A mudança na tributação dos fundos exclusivos de investimentos, usados pelos super-ricos, é outro item dessa lista de medidas “avulsas”. Segundo Haddad, o governo vai enviar um projeto de lei ao Congresso em agosto, junto com o Orçamento.
Hoje, os investimentos nos fundos exclusivos são taxados apenas no resgate, o que pode levar anos. A ideia do governo é instituir o sistema chamado de “come-cotas”, como ocorre nos fundos tradicionais, que prevê a cobrança periódica sobre o rendimento.
Garantir a aprovação dessa proposta no Congresso, porém, não será tarefa fácil, uma vez que outros governos já tentaram e não conseguiram. Em 2017, no governo Michel Temer (MDB), a equipe econômica chegou a editar uma Medida Provisória, mas ela caducou sem o aval da Câmara. Na ocasião, o governo previu arrecadar quase R$ 11 bilhões com o projeto.
Pesou, no entanto, o lobby contrário de grandes investidores e de instituições financeiras, temerosos sobre a forma como seria taxado o estoque investido nesses fundos.
O debate se concentrou sobre a constitucionalidade de se cobrar os valores investidos desde antes da vigência da lei. O come-cotas também foi alvo de debate entre advogados, que veem problemas na tributação periódica, mesmo quando não há saque do valor investido.
O objetivo da equipe de Haddad é intensificar o debate sobre a desigualdade na tributação entre ricos e pobres com a reforma da renda e, por isso, esses dois temas são uma prévia do embate.
Apostas esportivas e varejistas internacionais
Em outra frente arrecadatória, o governo prepara o envio ao Congresso dos textos que vão regulamentar as apostas esportivas online e abrir caminho para a taxação desse mercado. A expectativa da Fazenda é levantar até R$ 12 bilhões por ano. Técnicos da equipe econômica admitem, porém, que a cifra é imprecisa, já que o setor ainda é pouco conhecido e mapeado no País.

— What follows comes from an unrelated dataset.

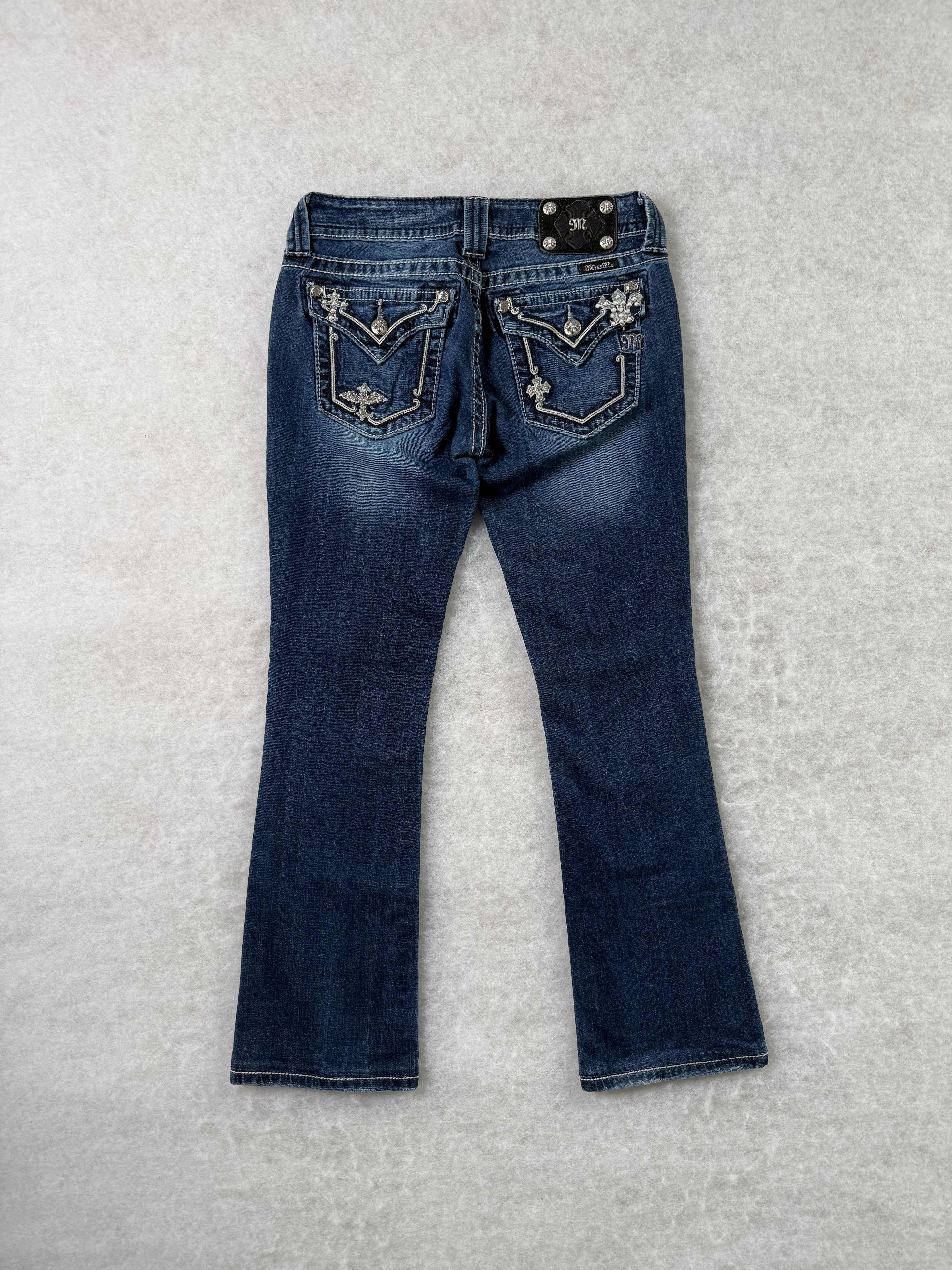 Miss Me Boot Cut Low Waist Jeans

Após negociações de interlocutores da Fazenda com Lira, ficou acertado que a nova tributação será fatiada em uma medida provisória (MP) e um projeto de lei – ambos já finalizados e na mesa da Secretaria de Assuntos Jurídicos da Casa Civil, como revelou o Estadão.
O imposto incidirá sobre os prêmios recebidos pelos apostadores (com alíquota de 30% e isenção para valores até R$ 2.112) e sobre os operadores (16% sobre a receita obtida com os jogos, subtraídos os prêmios).
A Receita Federal também prepara para agosto o início do chamado plano de conformidade das varejistas internacionais, com foco nas asiáticas Shein, Shopee e Aliexpress – uma medida marcada por uma série de recuos do governo em meio a pressões políticas e da opinião pública.
Nessa primeira fase, o governo vai isentar do imposto de importação as compras online de até US$ 50. Como contrapartida, os e-commerces terão de fazer uma declaração antecipada de importação e pagar os tributos – quando eles forem devidos, para valores superiores a US$ 50 –, antes da chegada da mercadoria ao País.
Hoje, esse pagamento só é realizado depois que o item chega ao Brasil. Além disso, não haverá isenção para a cobrança estadual do ICMS, que terá alíquota de 17%.
A expectativa é de que haja uma maior formalização desses marketplaces internacionais e, portanto, um aumento de arrecadação. O plano, porém, não foi bem-recebido pelas varejistas nacionais, que veem falta de isonomia na tributação e pressionam a Fazenda por mudanças.